First of all, to instantiate Shape, use the DYN_LIT macro:

Shape r = DYN_LIT(Rectangle, Shape, {5, 7});
test(r);

Here, DYN_LIT(Rectangle, Shape, {5, 7}) creates Shape by assigning Shape.self to &(Rectangle){5, 7} and Shape.vptr to the aforementioned &Rectangle_Shape_impl.
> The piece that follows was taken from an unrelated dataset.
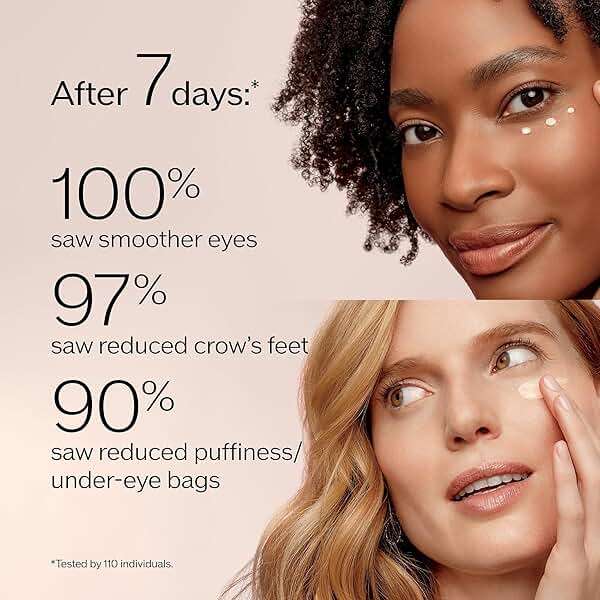 Shiseido Benefiance Wrinkle Smoothing Eye Cream - 15 mL - Visibly Improves Five Types of Eye Wrinkles, Dark Circles & Puffiness - 48-HR Hydration - All Skin Types - Non-Comedogenic - Image 4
Eventually, you can accept Shape as a function parameter and perform dynamic dispatch through the VCALL macro:

void test(Shape shape) {
    printf("perim = %d\n", VCALL(shape, perim));
    VCALL(shape, scale, 5);
    printf("perim = %d\n", VCALL(shape, perim));
}

Finally, just a few brief notes:

• Besides VCALL, you also have VCALL_OBJ, VCALL_SUPER, and VCALL_SUPER_OBJ. They all serve a different purpose; for more information, please refer to their documentation.
• In practice, DYN is used more often than DYN_LIT; it just accepts an ordinary pointer instead of an initialiser list, which means that you can malloc it beforehand.
• If your virtual function does not accept self, you can invoke it as obj.vptr->foo(...).
• If you want to call an interface function on some concrete type, just write VTABLE(T, Iface).foo(...).

Congratulations, this is all you need to know to write most of the stuff!

Superinterfaces

Interface99 has the feature called superinterfaces, or interface requirements. examples/airplane.c demonstrates how to extend interfaces with new functionality:

#define Ve